(Beginning of Data shown)

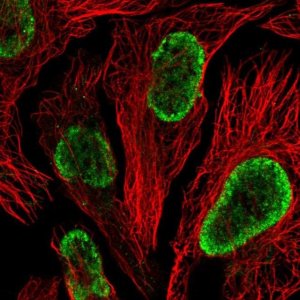 Anti-WSCD2 antibody produced in rabbit 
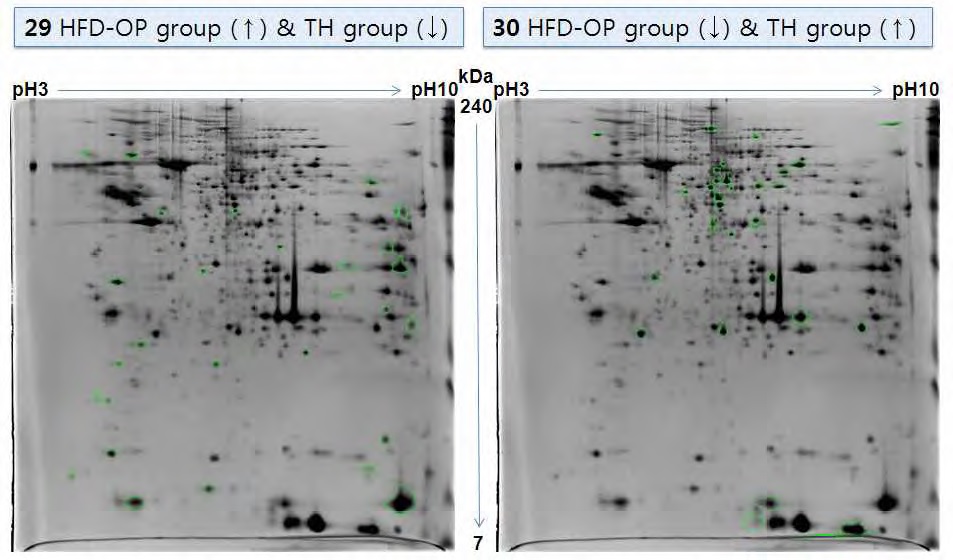 Figure 113. 2D gel images of up/down-regulated proteins in WAT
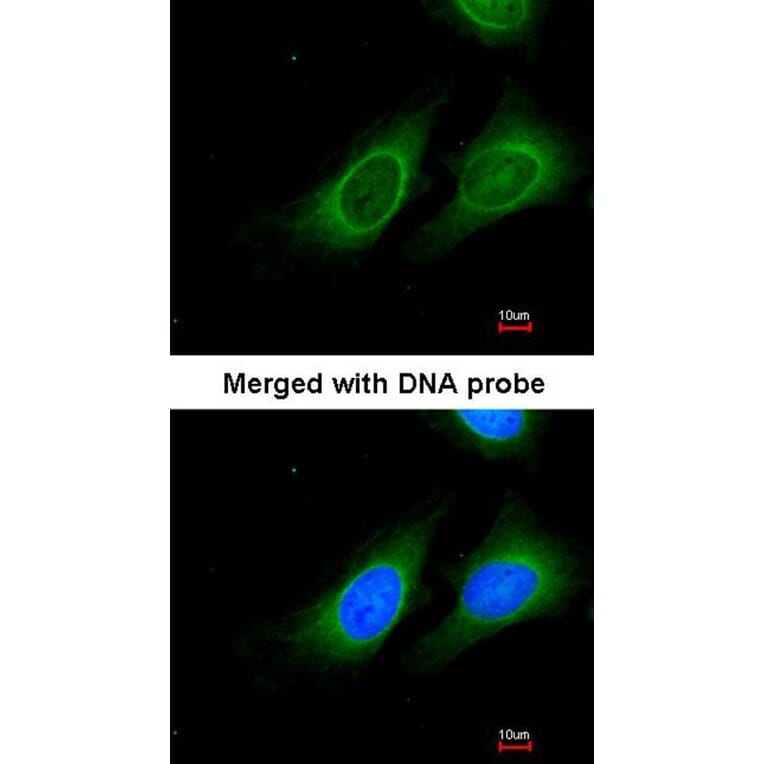 Immunofluorescence - 15-PGDH antibody from Signalway Antibody (22626) - Antibodies.com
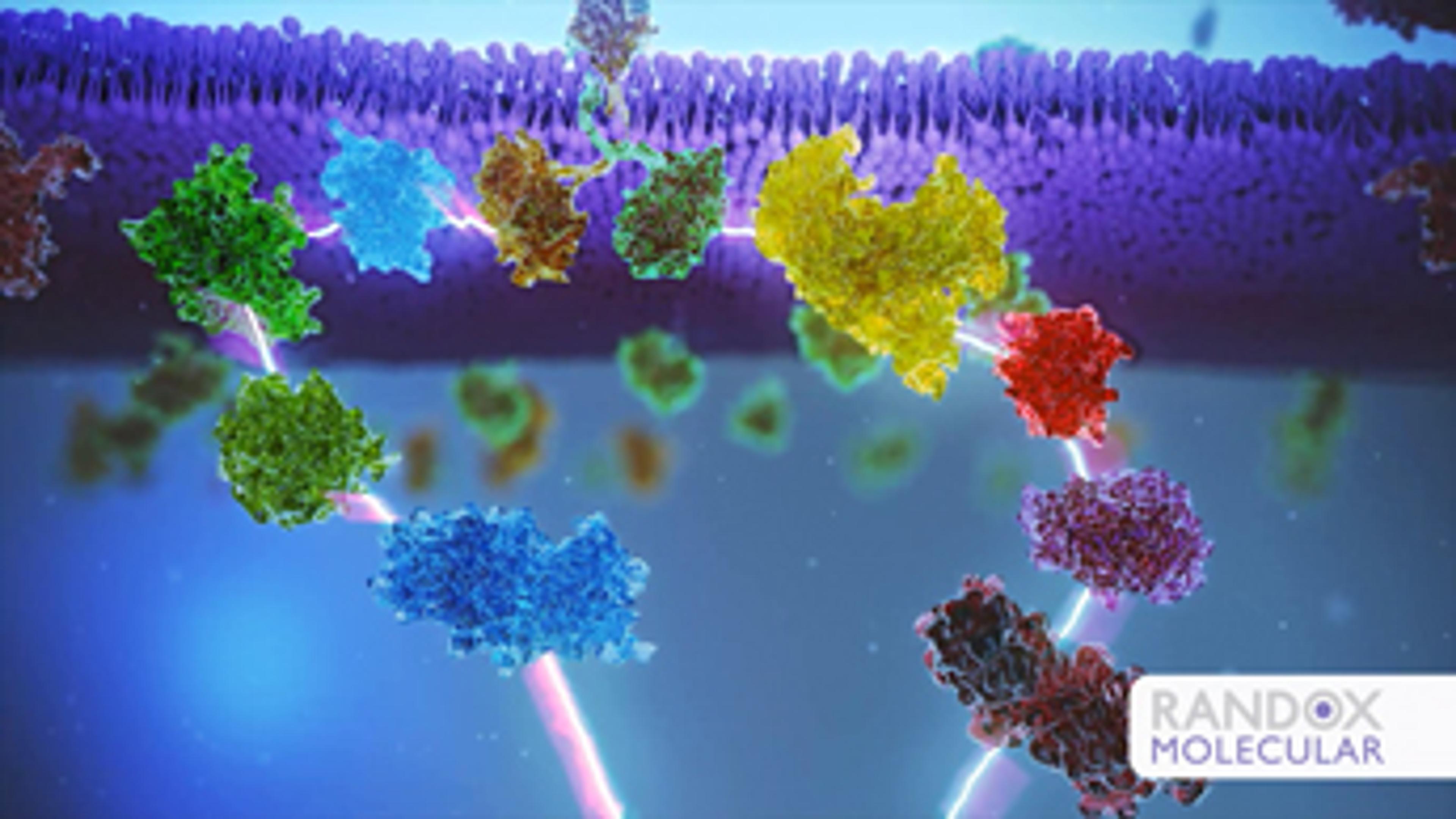 KRAS / BRAF / PIK3CA Array Enables Selection of Patients for Anti-EGFR Therapy KRAS / BRAF / PIK3CA Array Enables Selection of Patients for Anti-EGFR Therapy
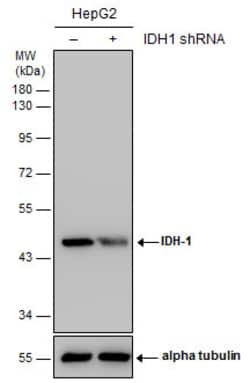 Invitrogen IDH1 Monoclonal Antibody (GT1521) 100 &mu;L; Unconjugated:Antibodies,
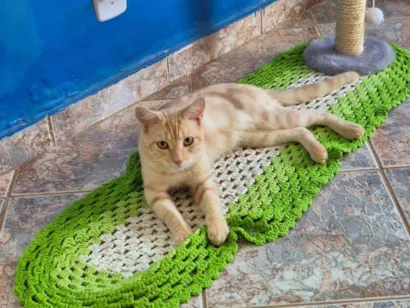 Gato SRD-ViraLata Medio 1-ano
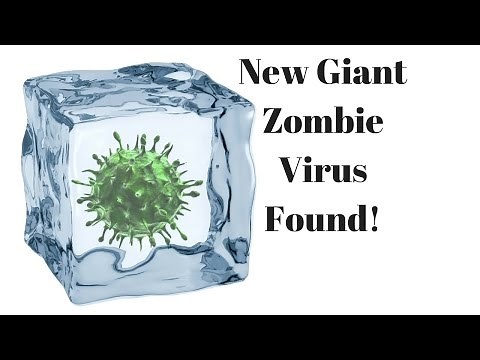 New Giant Zombie Virus Found!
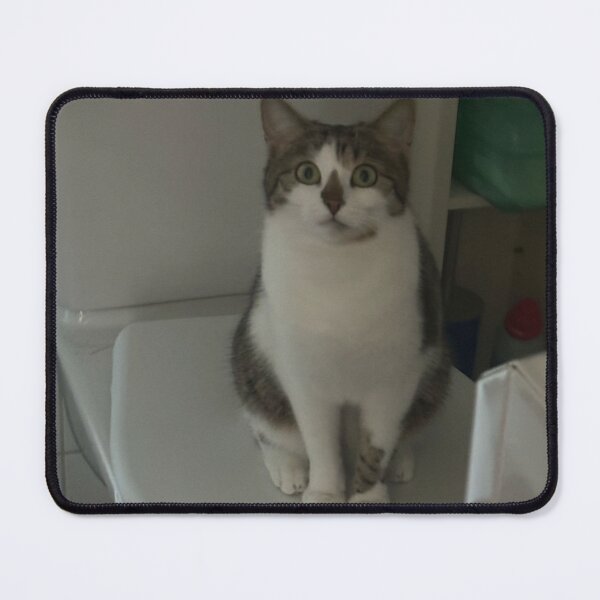 Item preview, toilet cat :o designed and sold by proteinpanda.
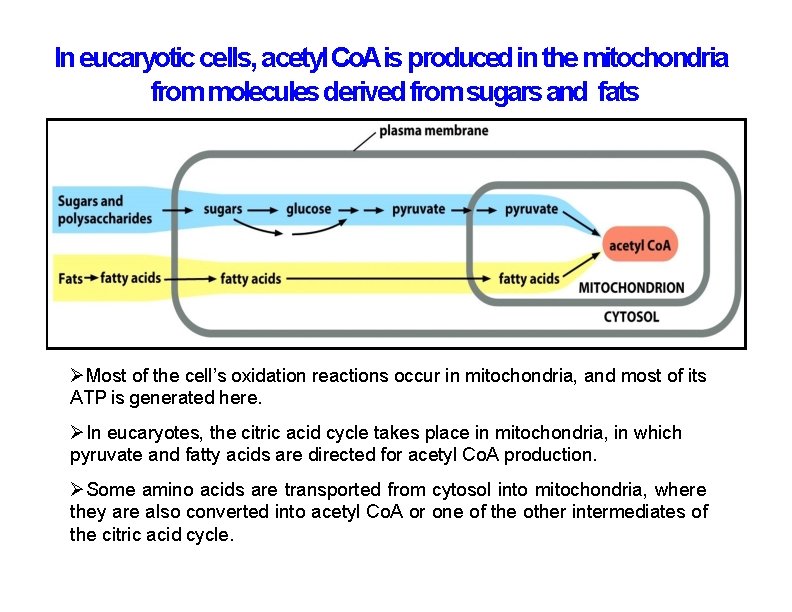 In eucaryotic cells, acetyl Co. Ais produced in the mitochondria from molecules derived from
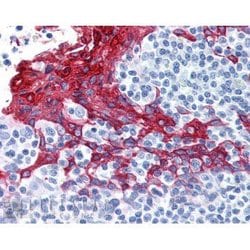 Invitrogen Cytokeratin 13 Monoclonal Antibody (AE8) 100 &mu;L; Unconjugated:Antibodies,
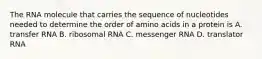 The RNA molecule that carries the sequence of nucleotides needed to determine the order of amino acids in a protein is A. transfer RNA B. ribosomal RNA C. messenger RNA D. translator RNA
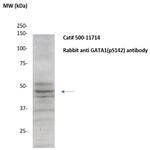 Phospho-GATA1 (Ser142) Antibody in Western Blot (WB)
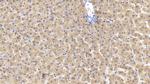 Ferritin Heavy Chain Antibody in Immunohistochemistry (Paraffin) (IHC (P))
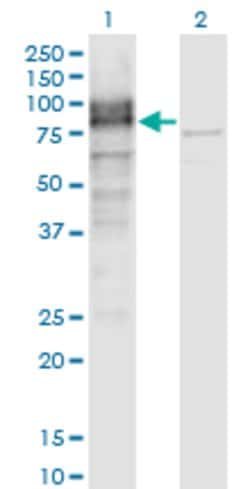 LRRN1, Mouse anti-Human, Clone: 3D11, Abnova 100&mu;g; Unconjugated:Antibodies,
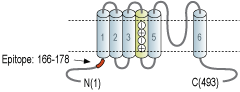 Anti-KCNF1 (KV5.1) Antibody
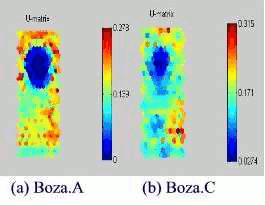 Figure 9: SOMs of Win95 Boza.A and Boza.C viruses.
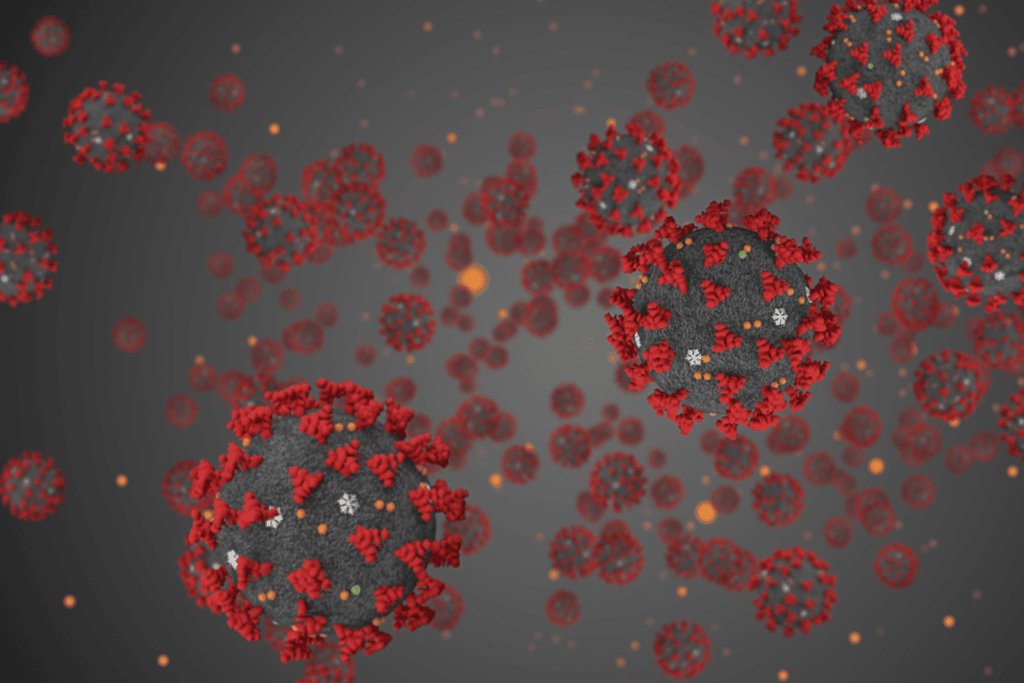 Coronavirus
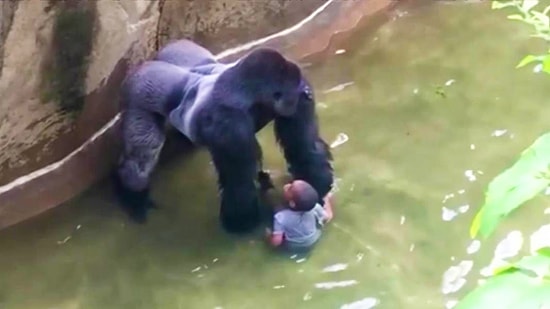 Olan Gene Hayvanlara Oldu: Hayvanat Bahçesinde Küçük Çocuk Goril Kafesine Düştü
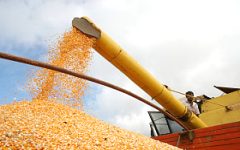 El riesgo de que el maíz mexicano se contamine con los transgenes del maíz...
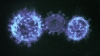 Virus y pandemias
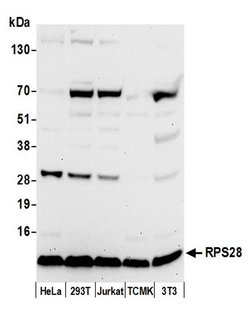 RPS28/Ribosomal Protein S28 Polyclonal Antibody, Bethyl Laboratories:Antibodies:Primary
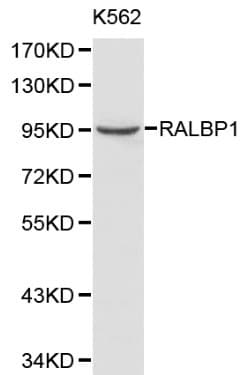 RIP1 / RALBP1 Antibody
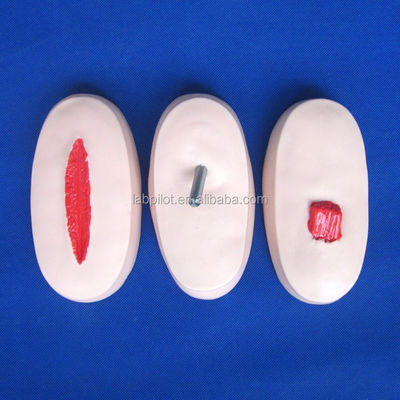 Advanced PVC Trauma Models for Wound Nursing Training and Patients Care Demonstration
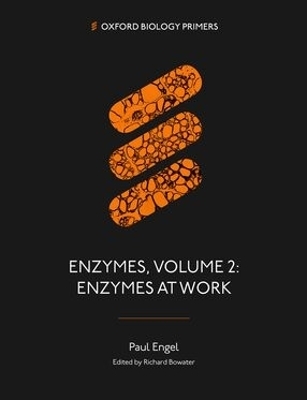 Enzymes, Volume 2 - Paul Engel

(End of Data shown)

■ **Problem to work on**: The records above are to be repeated exactly, apart from their pictures.

■ **Task answer**:
 Anti-WSCD2 antibody produced in rabbit 
 Figure 113. 2D gel images of up/down-regulated proteins in WAT
 Immunofluorescence - 15-PGDH antibody from Signalway Antibody (22626) - Antibodies.com
 KRAS / BRAF / PIK3CA Array Enables Selection of Patients for Anti-EGFR Therapy KRAS / BRAF / PIK3CA Array Enables Selection of Patients for Anti-EGFR Therapy
 Invitrogen IDH1 Monoclonal Antibody (GT1521) 100 &mu;L; Unconjugated:Antibodies,
 Gato SRD-ViraLata Medio 1-ano
 New Giant Zombie Virus Found!
 Item preview, toilet cat :o designed and sold by proteinpanda.
 In eucaryotic cells, acetyl Co. Ais produced in the mitochondria from molecules derived from
 Invitrogen Cytokeratin 13 Monoclonal Antibody (AE8) 100 &mu;L; Unconjugated:Antibodies,
 The RNA molecule that carries the sequence of nucleotides needed to determine the order of amino acids in a protein is A. transfer RNA B. ribosomal RNA C. messenger RNA D. translator RNA
 Phospho-GATA1 (Ser142) Antibody in Western Blot (WB)
 Ferritin Heavy Chain Antibody in Immunohistochemistry (Paraffin) (IHC (P))
 LRRN1, Mouse anti-Human, Clone: 3D11, Abnova 100&mu;g; Unconjugated:Antibodies,
 Anti-KCNF1 (KV5.1) Antibody
 Figure 9: SOMs of Win95 Boza.A and Boza.C viruses.
 Coronavirus
 Olan Gene Hayvanlara Oldu: Hayvanat Bahçesinde Küçük Çocuk Goril Kafesine Düştü
 El riesgo de que el maíz mexicano se contamine con los transgenes del maíz...
 Virus y pandemias
 RPS28/Ribosomal Protein S28 Polyclonal Antibody, Bethyl Laboratories:Antibodies:Primary
 RIP1 / RALBP1 Antibody
 Advanced PVC Trauma Models for Wound Nursing Training and Patients Care Demonstration
 Enzymes, Volume 2 - Paul Engel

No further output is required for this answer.